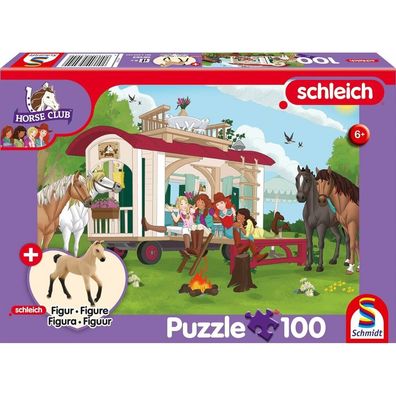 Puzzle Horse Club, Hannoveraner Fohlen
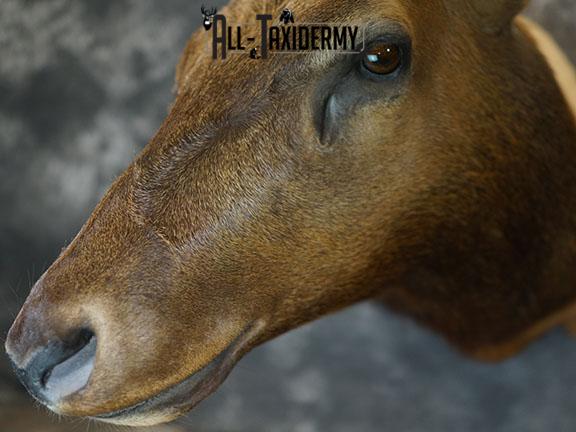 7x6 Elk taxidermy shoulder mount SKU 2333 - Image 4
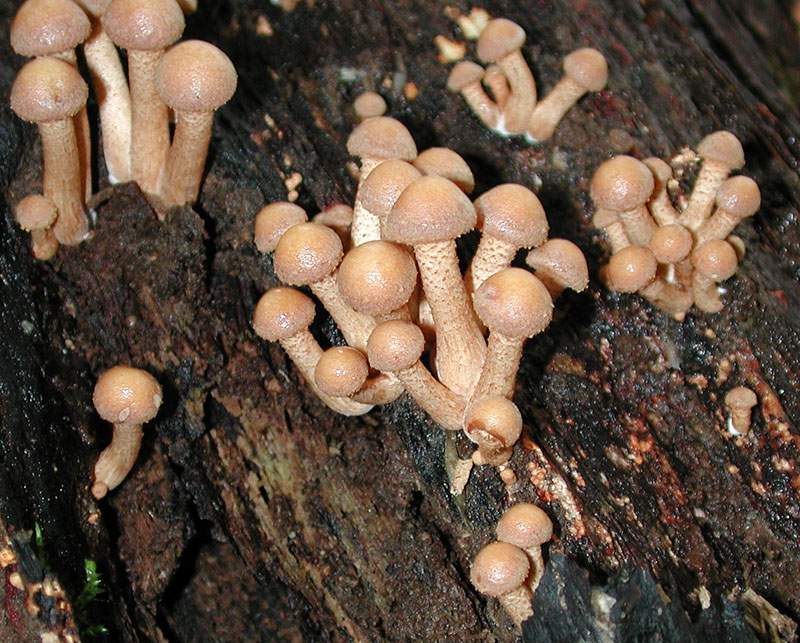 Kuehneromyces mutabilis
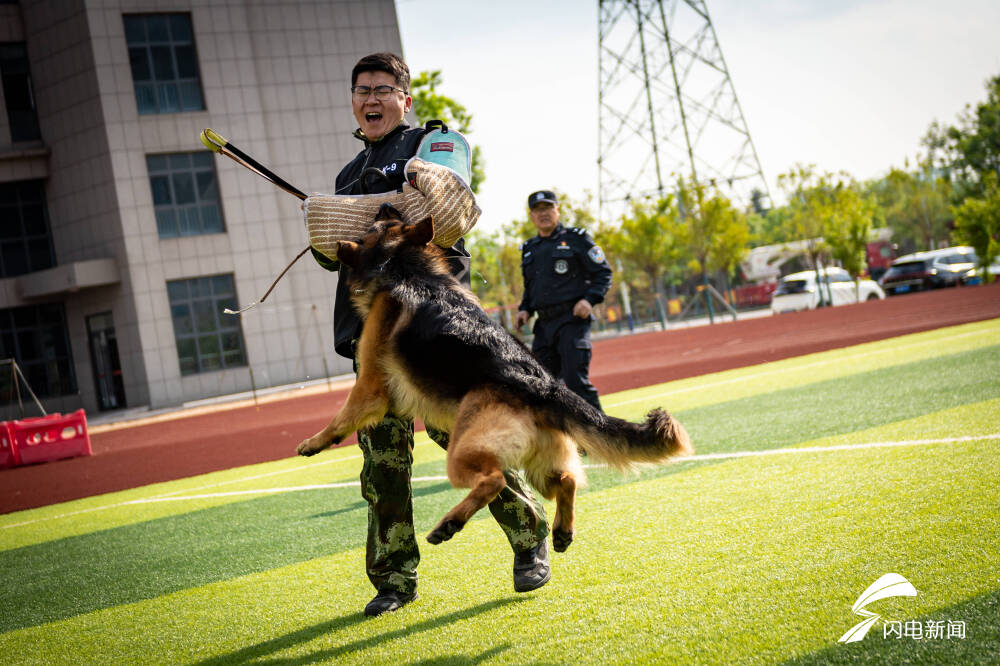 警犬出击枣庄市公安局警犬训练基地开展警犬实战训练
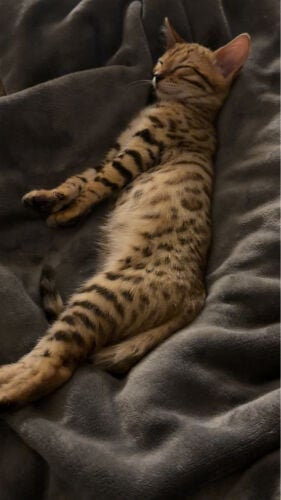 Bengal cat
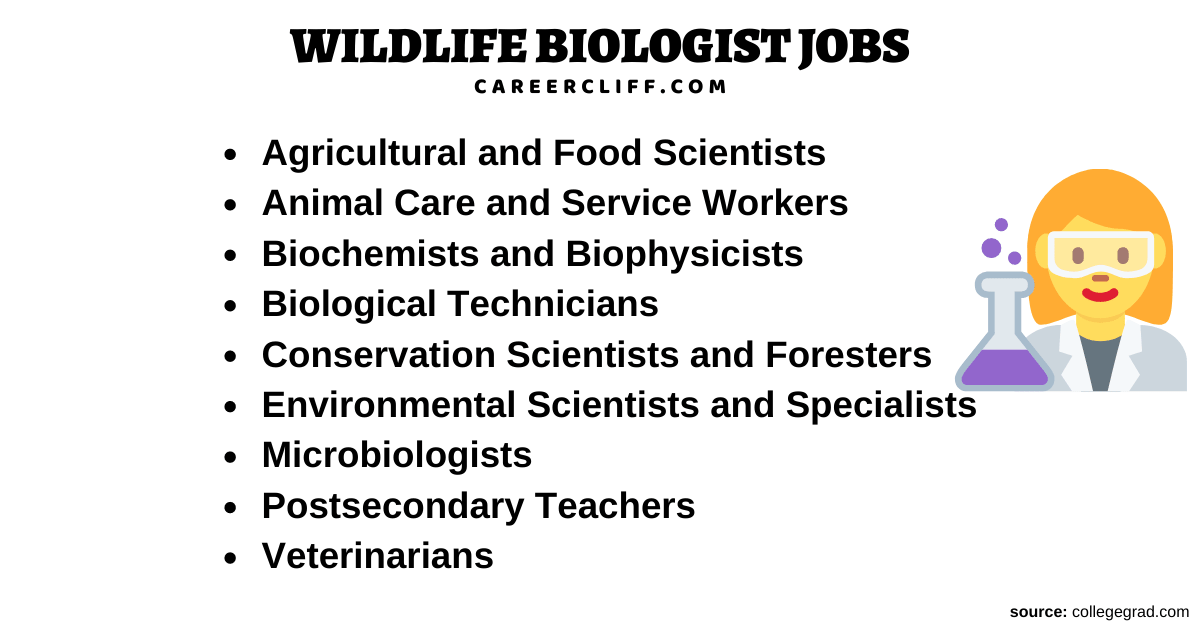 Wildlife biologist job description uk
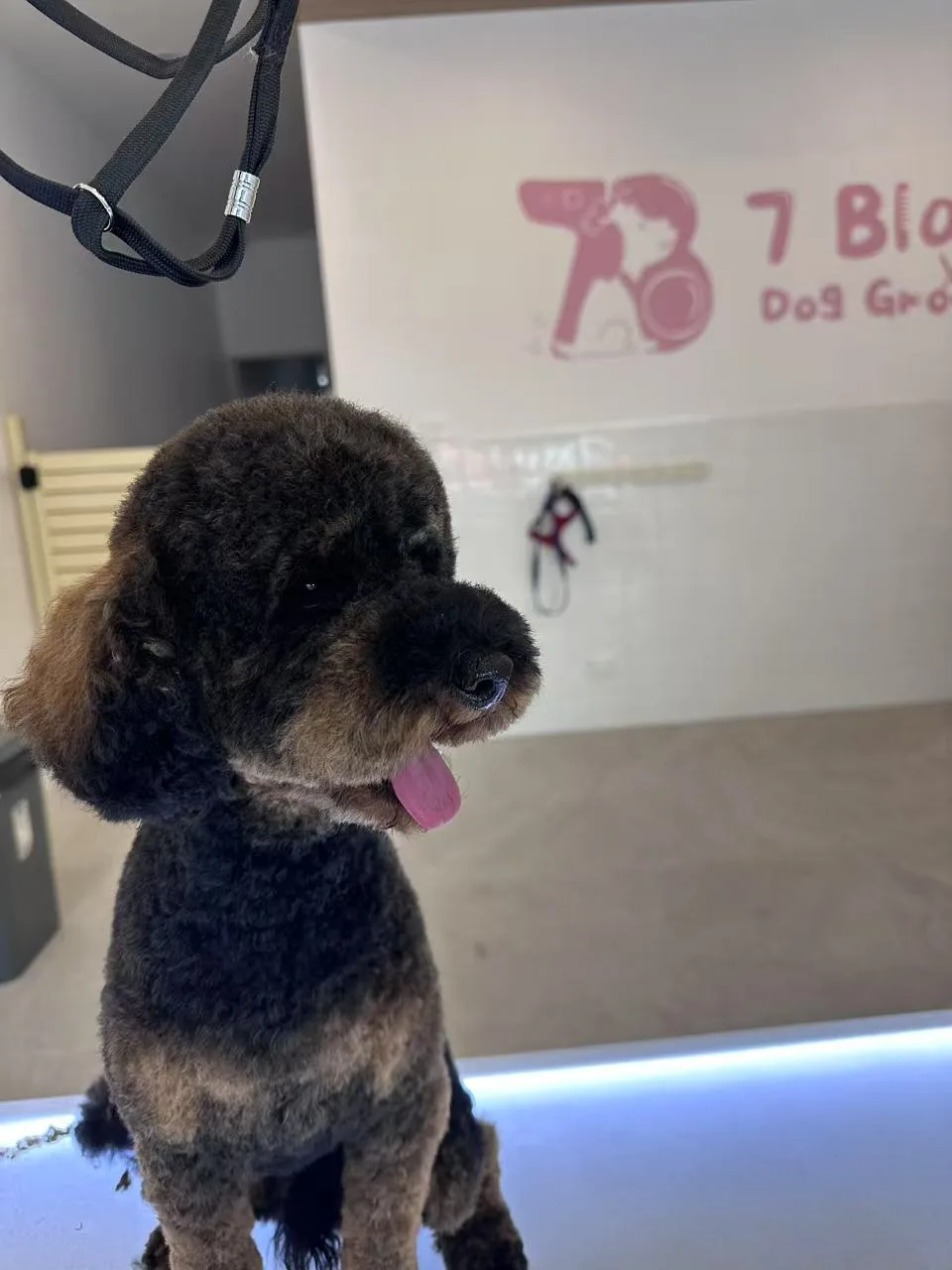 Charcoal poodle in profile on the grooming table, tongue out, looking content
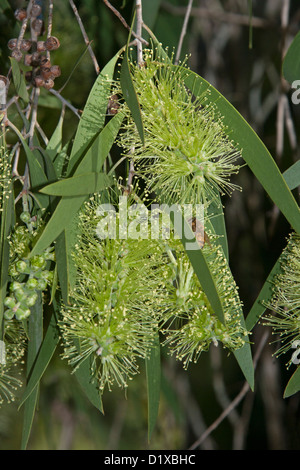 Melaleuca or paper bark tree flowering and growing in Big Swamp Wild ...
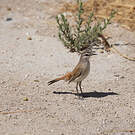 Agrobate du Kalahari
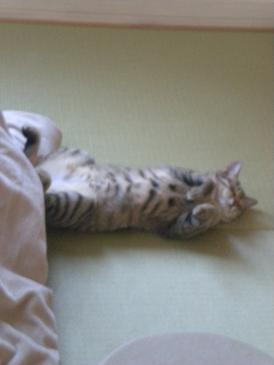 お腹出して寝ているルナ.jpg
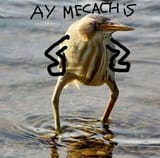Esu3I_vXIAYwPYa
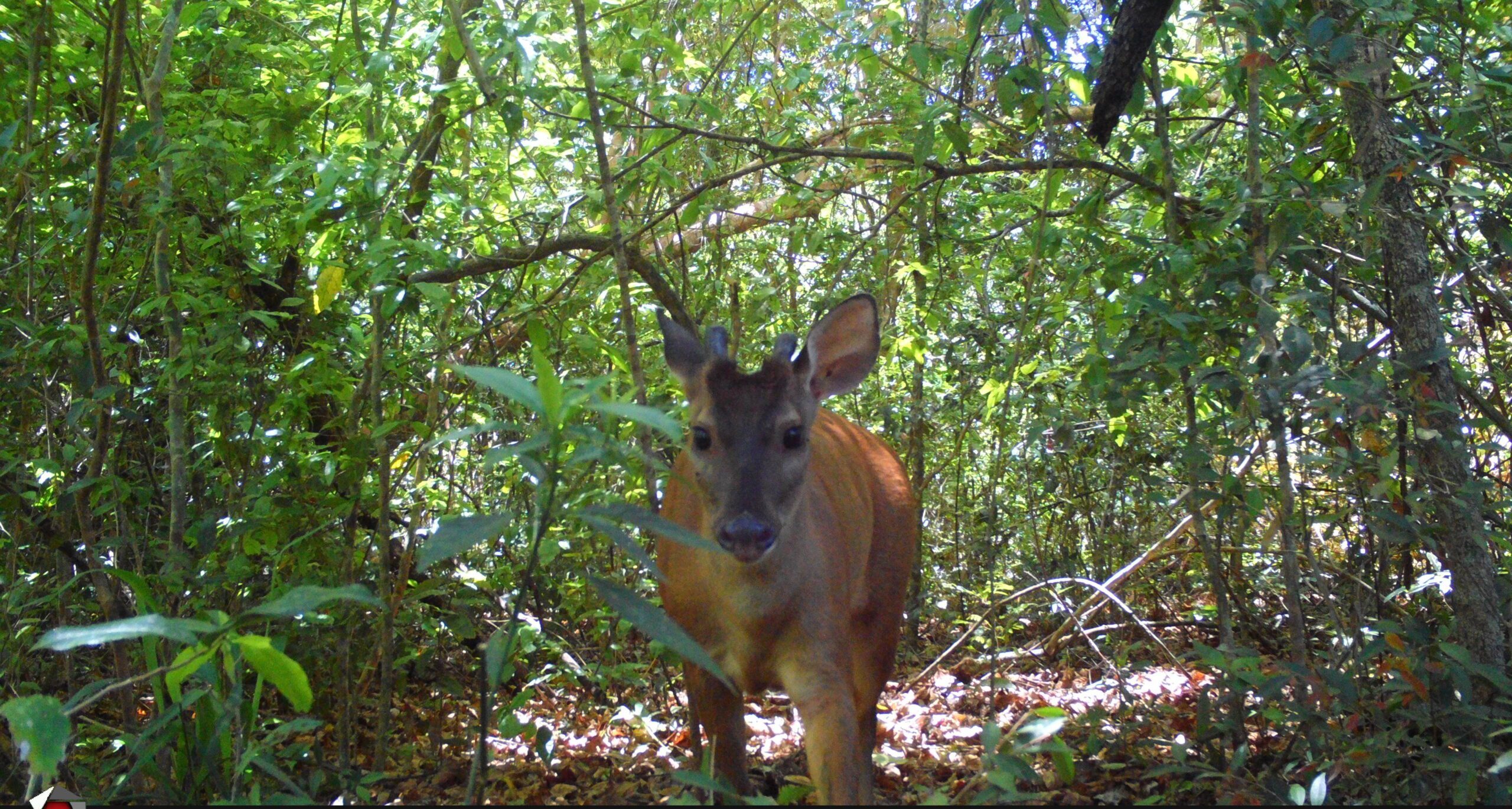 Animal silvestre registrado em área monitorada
========
AIM OF THE TASK: Retype the lines exactly. Begin at the one that holds "Wildlife biologist job description uk", stop at the last line of the entries above, and drop the pictures.

RESPONSE TO THE TASK:
 Wildlife biologist job description uk
 Charcoal poodle in profile on the grooming table, tongue out, looking content
 Melaleuca or paper bark tree flowering and growing in Big Swamp Wild ...
 Agrobate du Kalahari
 お腹出して寝ているルナ.jpg
Esu3I_vXIAYwPYa
 Animal silvestre registrado em área monitorada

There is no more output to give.